| Your task |
Print the lines below from the line with "Lámina acrílica Lámina gráfica" to the line with "Honda Pilot Ex-l" exactly, keeping both ends, and print no pictures.

| Records for this exercise |
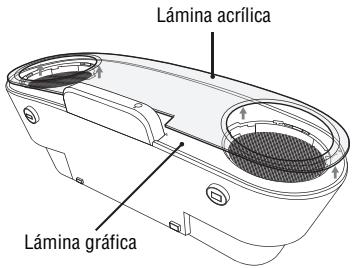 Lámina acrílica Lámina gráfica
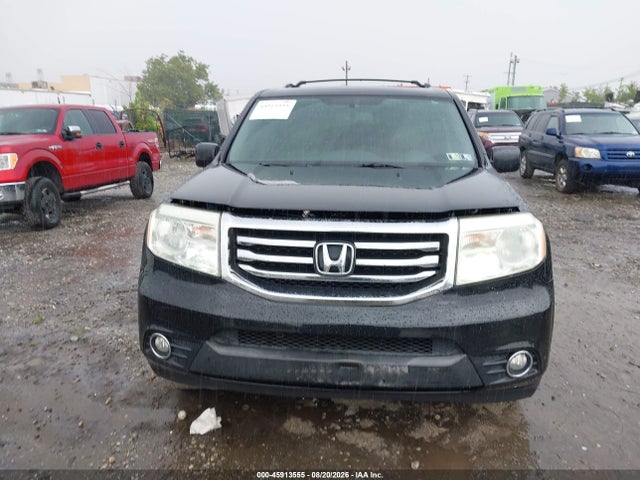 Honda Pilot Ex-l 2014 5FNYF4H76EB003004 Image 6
--
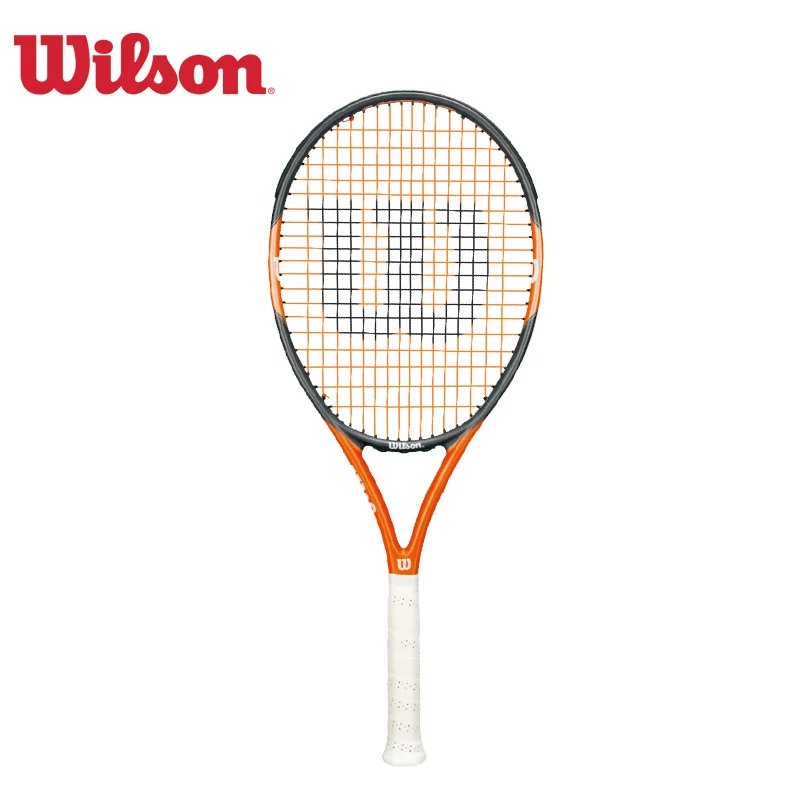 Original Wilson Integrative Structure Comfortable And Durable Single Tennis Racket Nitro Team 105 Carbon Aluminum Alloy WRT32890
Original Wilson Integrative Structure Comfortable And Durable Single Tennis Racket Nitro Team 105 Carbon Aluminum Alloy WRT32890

| The answer |
 Lámina acrílica Lámina gráfica
 Honda Pilot Ex-l 2014 5FNYF4H76EB003004 Image 6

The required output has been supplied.